Thank you for your reply. Your response has effectively addressed my confusion and concerns. I also notice the explanations in the global reply. I believe the theoretical analysis is essential, as it enhances the depth of the manuscript. It would be beneficial to include this analysis in the appendix of the revised version. As a result, I have improved the ratings for this manuscript.
First, we greatly appreciate your suggestions regarding fine-grained evaluation metrics, generative debiasing AVQA models, and more detailed bias collections. These ideas are highly valuable and will undoubtedly contribute to future work.
Second, the inclusion of additional theoretical analyses for Equation (1) and the experimental results without training MCCD will significantly enhance the depth of our method, both theoretically and empirically. We will be incorporating them into the appendix of our manuscript.
Thank you once again for your thorough and thoughtful review of our work.
Prevalent Audio-Visual Question Answering (AVQA) methods often learn biases from the dataset, which can lead to reduced robustness. Additionally, current datasets may not accurately assess these methods. To address these issues, the authors introduce MUSIC-AVQA-R, a dataset created in two steps. First, they rephrase questions in the test split of a public dataset (MUSIC-AVQA) and then introduce distribution shifts to the split questions. Rephrasing the questions allows for a diverse test space, while the distribution shifts enable a comprehensive evaluation of robustness for rare, frequent, and overall questions. The authors also propose a robust architecture that uses a multifaceted cycle collaborative debiasing strategy to overcome biased learning.
优点
- The authors raised a new problem, the bias problem in audio-visual question answering.
- The authors proposed a new dataset.
缺点
- First, I have a concern about the quality of the new dataset, it is not verified enough whether the dataset is properly collected. Similar to the case of the VQA-CP dataset, the authors should claim that the proposed dataset is a useful testbed to measure the distribution shift out of distribution robustness by showing the distribution difference between the train and test datasets. However, the authors only show the distribution of the rephrased dataset without showing the distribution difference between the train and test datasets. In short, there is no way to see whether the collected data after paraphrasing and distribution shifting is a valid one or not. In other words, how does the resulting distribution differ from the previous distribution? The proposed solution also lacks novelty. Extensive work has been done to mitigate modality bias in the VQA-CP dataset, such as [1,2,3]. Therefore, in order to study the modality bias problem in AVQA, the authors should also devise a novel solution specialized for the AVQA problem by comparing it with the existing debiasing methods for VQA.
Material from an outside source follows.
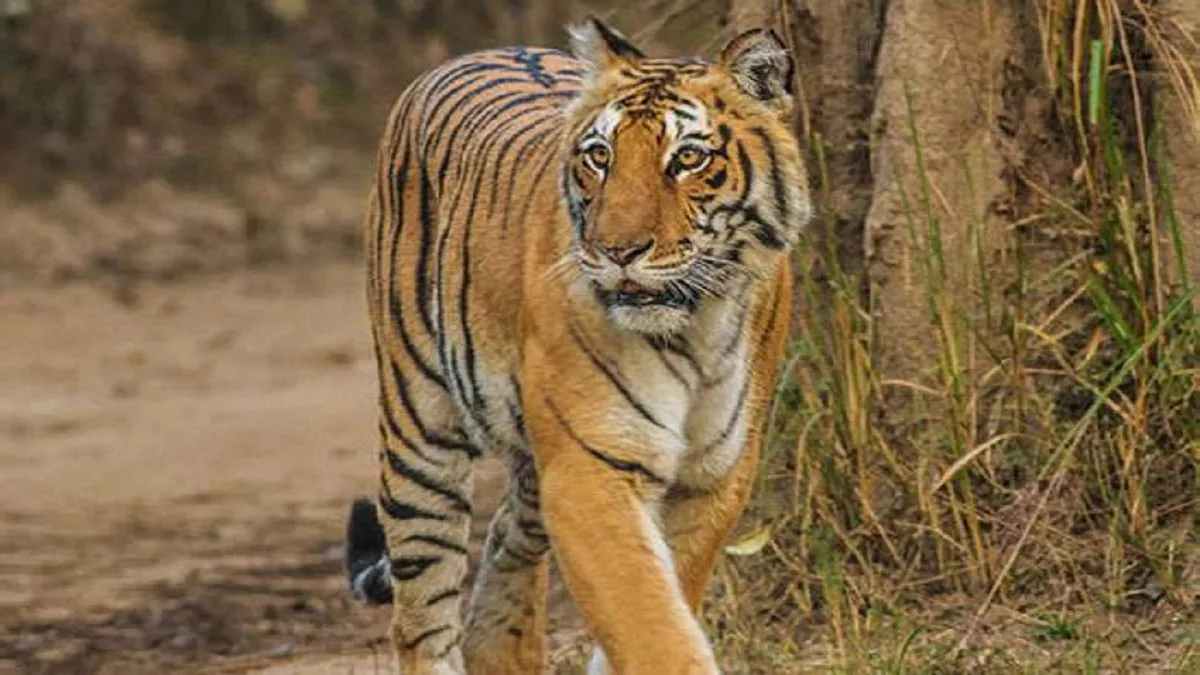 tiger kills cow and dog in lakhimpur creates panic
[1] Counterfactual Samples Synthesizing for Robust Visual Question Answering. CVPR 2020.
[2] Greedy Gradient Ensemble for Robust Visual Question Answering. ICCV 2021.
[3] Generative Bias for Robust Visual Question Answering. CVPR 2023.
- In addition, the authors should discuss why the proposed method is better than existing solutions theoretically. However, there is no explanation for why simply increasing the logit distance among the modalities in Equation 1 reduces the bias. Is there any reference from which the authors adopted the ideas? What I especially don't understand is whether there is any theoretical evidence as to why it is necessary to add the inverse of distance. How about minus? More theoretical discussions are required.
- In addition, the proposed solution itself also doesn’t make sense. Equation 3, the KL divergence between logits, and equation 2, the Euclidean distance, are the same in that they measure the distance between the logits. In theory, when the temperature term in the softmax function is large enough, the kl divergence loss becomes equivalent to the Euclidean distance. It is unclear what is the meaning of putting these two similar losses in opposite directions? The authors should further explain the theoretical motivation for using those loss functions.
- The performance in Tables 1 and 2 is also questionable. If other existing debiasing methods, such as [1,2,3], were applied to the same baseline, could the proposed method still outperform them? The proposed solution will be meaningful only if the proposed method sufficiently outperforms the existing methods. I don't understand how a simple method in this paper (ours in Table 1) achieves a favorable performance in MUSIC-AVQA with such a simple baseline architecture. What is the baseline model performance without adding the proposed loss functions? In Table 3, how does the model without any proposed loss function already show a favorable performance that outperforms the state-of-the-art methods?
问题
Please refer to the questions in the weakness part.
局限性
I can’t find a negative societal impact of this work.
We appreciate your constructive comments and valuable suggestions.
- Reply for Q1. Please see the above author's rebuttal attached with a "response.pdf".
- Reply for Q2. Please see the above author's rebuttal attached with a "response.pdf".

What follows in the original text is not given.